Задернув плотнее шторы, я расселся в широком кресле, обтянутом коричневым бархатом, — вот оно гляделось новым, поскольку использовалось лишь гостями. А Гай уже спешил обратно, неся в руках знакомый мне поднос, груженный чашками и блюдцами из сервиза, тоже бывшего когда-то моим. Пожалуй, из своего у Гая осталась лишь само жилье да библиотека, собранная за прежние десятилетия, когда такое собирательство еще имело смысл.
— Со сластями проблема, — посетовал хозяин, кивая на полупустую пиалу с изюмом. — Видишь сам.
— Никаких проблем, — возразил я и стал выкладывать на столик свои дары, ощущая себя Дедом Морозом, развозящим гостинцы.
— Ух ты, — только и сказал Гай, но лицо его озарилось. — Живем!
И принялся разливать по чашкам кипяток, остальное предоставив мне. Видимо, он имел в виду, что теперь сможет продержаться взаперти еще неделю. Ну и мне будет спокойней. Лишь бы его опять не выманили наружу какой-нибудь блискучей цацкой.
— Итак, — спросил Гай, утвердясь в кресле напротив и с интересом меня разглядывая, — на кого идешь войной в этот раз?
— На всех, — ответил я. — Потом разделю трупы по кучкам — кто прав, кто виноват, кто просто случился рядом.
— Уже страшно, — согласился он, вдумчиво дегустируя новые лакомства.
— Со многими переговорил за два дня, — продолжил я, — многое повидал.
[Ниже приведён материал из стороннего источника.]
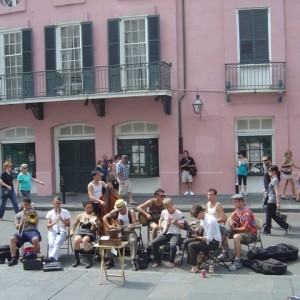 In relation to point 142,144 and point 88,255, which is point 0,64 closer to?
point 142,144

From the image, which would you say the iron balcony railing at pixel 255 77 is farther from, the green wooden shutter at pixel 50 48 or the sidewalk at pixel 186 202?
the green wooden shutter at pixel 50 48

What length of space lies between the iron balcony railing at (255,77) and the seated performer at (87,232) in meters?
9.60

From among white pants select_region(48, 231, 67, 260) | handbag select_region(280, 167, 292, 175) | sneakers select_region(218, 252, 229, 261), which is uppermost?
handbag select_region(280, 167, 292, 175)

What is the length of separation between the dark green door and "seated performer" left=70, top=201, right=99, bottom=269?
32.6 feet

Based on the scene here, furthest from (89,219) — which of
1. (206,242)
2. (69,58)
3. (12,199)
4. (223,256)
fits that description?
(69,58)

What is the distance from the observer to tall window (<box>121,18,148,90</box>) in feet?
64.0

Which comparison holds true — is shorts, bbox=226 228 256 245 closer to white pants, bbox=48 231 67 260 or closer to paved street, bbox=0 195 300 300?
paved street, bbox=0 195 300 300

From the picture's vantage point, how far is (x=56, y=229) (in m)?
10.8

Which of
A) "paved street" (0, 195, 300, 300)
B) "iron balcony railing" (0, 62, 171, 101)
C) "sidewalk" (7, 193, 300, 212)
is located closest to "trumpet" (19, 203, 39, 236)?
"paved street" (0, 195, 300, 300)

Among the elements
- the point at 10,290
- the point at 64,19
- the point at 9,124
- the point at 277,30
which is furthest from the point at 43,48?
the point at 10,290

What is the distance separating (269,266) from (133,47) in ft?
41.0

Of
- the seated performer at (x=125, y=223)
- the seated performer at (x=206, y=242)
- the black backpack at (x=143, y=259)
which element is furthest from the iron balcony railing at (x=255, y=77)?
the seated performer at (x=206, y=242)

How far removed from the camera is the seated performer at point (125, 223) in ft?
32.9

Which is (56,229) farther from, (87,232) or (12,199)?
(12,199) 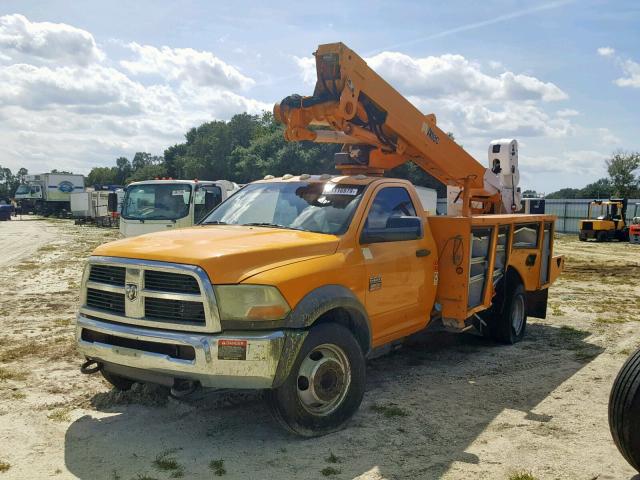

Что-то неладно в королевстве.
— Только сейчас заметил?
— Раньше не выходило за рамки, теперь — пожалуй. Поплыла картинка-то.
— И где, по-твоему, главные искажения?
— Пока нащупал три таких узла.
— Угу, — подбодрил Гай, не открывая набитого рта.
— Первый — наши чинуши.
— Что ж в них жапредельного? — прошамкал он.
— Ведут себя странно, будто не люди вовсе. Ей-богу, проще японцев понять. Образуется новая порода, этакие Чужие в человечьем обличье. Со своими приоритетами, нормами, логикой.
— Так это и есть иная порода! — убежденно воскликнул Гай, наконец дожевав. — И мыслят не по-людски — это точно. Пока не столкнулся с западными чинодралами, считал их образцом для наших. Оказалось, такое же дерьмо, только пахнет меньше. И несут ту же околесицу, оправдывая дурости госмашины едва не теми же доводами. Их не переделать, поверь. Одно спасение — короткий поводок.
С минуту я глядел на него в раздумье, потом сообразил:
— Это у тебя образы такие, да? Иная порода, нелюди!.. Ты ж натура творческая, в эмпиреи воспаряешь, а я от земли отрываюсь редко, да и порхаю низенько — бяк-бяк, бяк-бяк. И если говорю о нечеловечьей логике, имею в виду как раз это.
Теперь и Гай задумался, недоуменно хмурясь.
— Ладно, едем дальше, — предложил он затем. — Что у нас на второе?
— С верхами, будем считать, разобрались, хотя не ясно, не могут они или не хотят…
— На революционную ситуацию намекаешь?
— Так ведь и низы взбеленились! Ты не смотрел статистику? Если раньше большинству было плевать на других, а многие даже желали ближним добра, то теперь отношения явно сместились в сторону садизма. Пока что они больше созерцают, но каждый спрос, как известно, рождает предложение. И тут мы плавно подходим ко второму узлу искажений, некоему Калиде.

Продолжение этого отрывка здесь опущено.